-1

I've set up an Ubuntu Server with microk8s, with the dns, dashboard and prometheus addons. It's running some Cardano nodes.

On the (built-in) Grafana dashboard "Default / Nodes" I see spikes in the Disk IO "on time" every 5 minutes like clockwork:

5 minute Disk IO spikes

I'm curious what this is - I don't know anything that Ubuntu/microk8s would be doing exactly every 5 minutes. How can I identify what this is? (ideally without installing additional software on the host).
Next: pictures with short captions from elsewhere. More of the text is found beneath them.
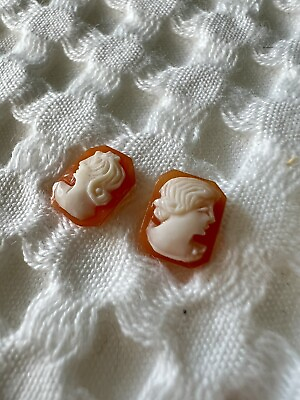 #ad Stunning Antique Shell Cameo Earrings Pieces B $49.00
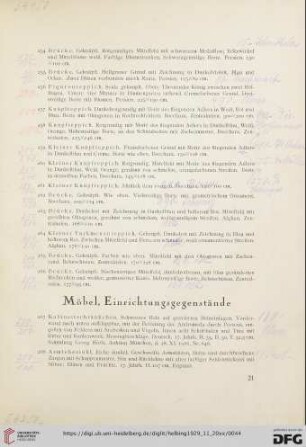 Möbel, Einrichtungsgegenstände (Nr.267-330)
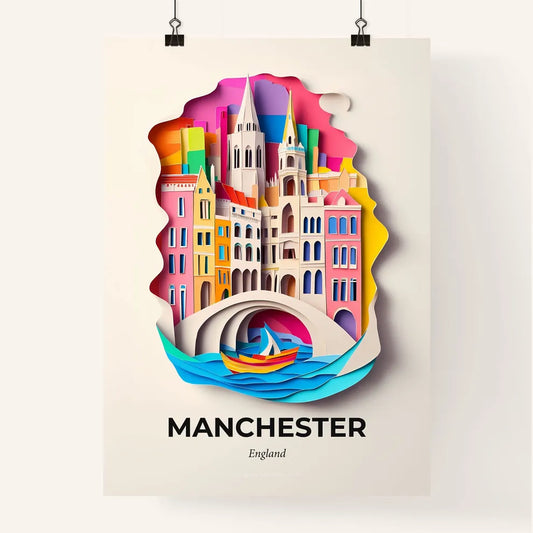 Vivid Manchester, England, Colorful Poster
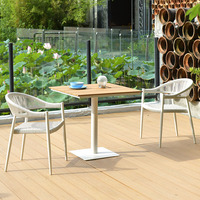 Chaise de table en rotin moderne empilable jardin bois extérieur aluminium bois loisirs tissé corde salle à manger extérieur restaurant ensembles de chaises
I can't find anything in any log files that gives a clue.

Danny Tuppeny
  • 237
  • 1
  • 3
  • 9
  • Use `iotop` to identify processes doing IO. – berndbausch Apr 24 '21 at 01:06
  • @berndbausch thanks - I tried that, and can see some processes writing but data, but almost everything is `kube-apiserver`. It may be useful if I could see the files written rather than the processes - I see there are soe similar tools like sysdig that may be worth trying. – Danny Tuppeny Apr 24 '21 at 09:58
  • You can start with `lsof -p PID_APISERVER`, but this will only help if the process doesn't change files too often. In the latter case, check `open` system calls with `strace`. Personally, I don't know `sysdig`; good luck! – berndbausch Apr 24 '21 at 10:37
  • @berndbausch thanks! Using `lsof` I found mention of dqlite which lead me to https://microk8s.io/docs/ha-recovery which has a path for the database, and in there I found "snapshot-foo" files with 5minute gaps in timestamps. So I guess it's microk8s snapshotting its config every 5 min and writing this 18MB file. Thanks! – Danny Tuppeny Apr 24 '21 at 11:17

1 Answers1

1

Using iotop I was able identify the process writing data every 5 min, I ran it as:

sudo iotop -a -o

-a makes the values accumulate and -o shows only those actually reading/writing. 5 mins after the previous spike, kube-apiserver appeared top of the list with an icnrease of around 18MB of data.

Using lsof as suggested by berndbausch, I scanned through the files and noticed some mentions of dqlite (which I knew was a database that microk8s used) and found https://microk8s.io/docs/ha-recovery which listed /var/snap/microk8s/current/var/kubernetes/backend as the storage path.

Looking in that directory, I found some snapshot files that were timestamped exactly 5 mins apart. They were 18MB in size. I waited another 5 minutes, and the older one disappeared and another appeared.

Mystery solved!

I can't find any documentation about microk8s/dqlite doing 5-minute snapshots (or whether it's configurable), though it was good to learn a few more tools while tracking it down.

Danny Tuppeny
  • 237
  • 1
  • 3
  • 9